ENTRIES SUPPLIED Start Marker

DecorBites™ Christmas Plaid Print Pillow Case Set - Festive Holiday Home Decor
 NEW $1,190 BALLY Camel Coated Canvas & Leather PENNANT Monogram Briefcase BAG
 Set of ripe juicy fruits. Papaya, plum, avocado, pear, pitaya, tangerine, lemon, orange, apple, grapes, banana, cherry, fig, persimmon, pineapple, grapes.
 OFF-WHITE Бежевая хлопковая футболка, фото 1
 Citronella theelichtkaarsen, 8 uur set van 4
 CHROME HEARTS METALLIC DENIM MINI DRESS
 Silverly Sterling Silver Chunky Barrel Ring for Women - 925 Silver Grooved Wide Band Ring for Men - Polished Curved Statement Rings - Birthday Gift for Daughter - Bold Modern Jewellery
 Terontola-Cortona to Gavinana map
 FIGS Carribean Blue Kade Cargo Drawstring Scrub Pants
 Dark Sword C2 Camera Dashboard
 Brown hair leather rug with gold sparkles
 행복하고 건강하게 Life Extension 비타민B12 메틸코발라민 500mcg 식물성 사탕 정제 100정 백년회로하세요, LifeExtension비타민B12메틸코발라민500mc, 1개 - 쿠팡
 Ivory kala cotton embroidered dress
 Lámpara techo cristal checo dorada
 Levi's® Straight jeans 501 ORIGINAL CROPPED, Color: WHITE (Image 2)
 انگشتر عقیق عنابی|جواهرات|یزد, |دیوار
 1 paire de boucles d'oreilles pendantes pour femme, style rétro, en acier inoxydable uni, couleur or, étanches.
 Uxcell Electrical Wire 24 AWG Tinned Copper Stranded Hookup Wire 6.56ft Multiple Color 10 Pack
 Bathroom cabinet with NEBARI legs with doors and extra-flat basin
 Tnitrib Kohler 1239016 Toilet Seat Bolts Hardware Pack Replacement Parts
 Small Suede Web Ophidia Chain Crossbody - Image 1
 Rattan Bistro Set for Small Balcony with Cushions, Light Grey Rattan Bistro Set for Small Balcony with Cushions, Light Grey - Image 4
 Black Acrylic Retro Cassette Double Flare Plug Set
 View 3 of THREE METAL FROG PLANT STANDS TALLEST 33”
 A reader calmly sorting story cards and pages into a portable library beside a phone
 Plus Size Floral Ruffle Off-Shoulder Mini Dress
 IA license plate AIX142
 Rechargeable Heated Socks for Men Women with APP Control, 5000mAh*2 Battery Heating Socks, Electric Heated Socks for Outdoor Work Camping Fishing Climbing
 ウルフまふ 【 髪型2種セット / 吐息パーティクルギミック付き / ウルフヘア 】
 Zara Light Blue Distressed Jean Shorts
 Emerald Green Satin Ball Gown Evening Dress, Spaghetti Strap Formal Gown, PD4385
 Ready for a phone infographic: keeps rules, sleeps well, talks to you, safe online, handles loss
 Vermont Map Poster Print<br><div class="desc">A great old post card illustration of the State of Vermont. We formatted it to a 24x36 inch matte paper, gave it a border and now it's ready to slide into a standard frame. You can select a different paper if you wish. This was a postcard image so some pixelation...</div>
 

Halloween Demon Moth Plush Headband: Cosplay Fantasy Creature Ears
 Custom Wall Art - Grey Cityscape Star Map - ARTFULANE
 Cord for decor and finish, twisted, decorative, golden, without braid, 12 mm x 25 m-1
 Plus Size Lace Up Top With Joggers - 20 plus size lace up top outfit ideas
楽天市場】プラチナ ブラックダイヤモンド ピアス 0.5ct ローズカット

ENTRIES SUPPLIED End Marker

_DESCRIPTION OF THE TASK_
Exactly as they appear, restate all of the entries.

_COMPLETED EXERCISE_
DecorBites™ Christmas Plaid Print Pillow Case Set - Festive Holiday Home Decor
 NEW $1,190 BALLY Camel Coated Canvas & Leather PENNANT Monogram Briefcase BAG
 Set of ripe juicy fruits. Papaya, plum, avocado, pear, pitaya, tangerine, lemon, orange, apple, grapes, banana, cherry, fig, persimmon, pineapple, grapes.
 OFF-WHITE Бежевая хлопковая футболка, фото 1
 Citronella theelichtkaarsen, 8 uur set van 4
 CHROME HEARTS METALLIC DENIM MINI DRESS
 Silverly Sterling Silver Chunky Barrel Ring for Women - 925 Silver Grooved Wide Band Ring for Men - Polished Curved Statement Rings - Birthday Gift for Daughter - Bold Modern Jewellery
 Terontola-Cortona to Gavinana map
 FIGS Carribean Blue Kade Cargo Drawstring Scrub Pants
 Dark Sword C2 Camera Dashboard
 Brown hair leather rug with gold sparkles
 행복하고 건강하게 Life Extension 비타민B12 메틸코발라민 500mcg 식물성 사탕 정제 100정 백년회로하세요, LifeExtension비타민B12메틸코발라민500mc, 1개 - 쿠팡
 Ivory kala cotton embroidered dress
 Lámpara techo cristal checo dorada
 Levi's® Straight jeans 501 ORIGINAL CROPPED, Color: WHITE (Image 2)
 انگشتر عقیق عنابی|جواهرات|یزد, |دیوار
 1 paire de boucles d'oreilles pendantes pour femme, style rétro, en acier inoxydable uni, couleur or, étanches.
 Uxcell Electrical Wire 24 AWG Tinned Copper Stranded Hookup Wire 6.56ft Multiple Color 10 Pack
 Bathroom cabinet with NEBARI legs with doors and extra-flat basin
 Tnitrib Kohler 1239016 Toilet Seat Bolts Hardware Pack Replacement Parts
 Small Suede Web Ophidia Chain Crossbody - Image 1
 Rattan Bistro Set for Small Balcony with Cushions, Light Grey Rattan Bistro Set for Small Balcony with Cushions, Light Grey - Image 4
 Black Acrylic Retro Cassette Double Flare Plug Set
 View 3 of THREE METAL FROG PLANT STANDS TALLEST 33”
 A reader calmly sorting story cards and pages into a portable library beside a phone
 Plus Size Floral Ruffle Off-Shoulder Mini Dress
 IA license plate AIX142
 Rechargeable Heated Socks for Men Women with APP Control, 5000mAh*2 Battery Heating Socks, Electric Heated Socks for Outdoor Work Camping Fishing Climbing
 ウルフまふ 【 髪型2種セット / 吐息パーティクルギミック付き / ウルフヘア 】
 Zara Light Blue Distressed Jean Shorts
 Emerald Green Satin Ball Gown Evening Dress, Spaghetti Strap Formal Gown, PD4385
 Ready for a phone infographic: keeps rules, sleeps well, talks to you, safe online, handles loss
 Vermont Map Poster Print<br><div class="desc">A great old post card illustration of the State of Vermont. We formatted it to a 24x36 inch matte paper, gave it a border and now it's ready to slide into a standard frame. You can select a different paper if you wish. This was a postcard image so some pixelation...</div>
 

Halloween Demon Moth Plush Headband: Cosplay Fantasy Creature Ears
 Custom Wall Art - Grey Cityscape Star Map - ARTFULANE
 Cord for decor and finish, twisted, decorative, golden, without braid, 12 mm x 25 m-1
 Plus Size Lace Up Top With Joggers - 20 plus size lace up top outfit ideas
楽天市場】プラチナ ブラックダイヤモンド ピアス 0.5ct ローズカット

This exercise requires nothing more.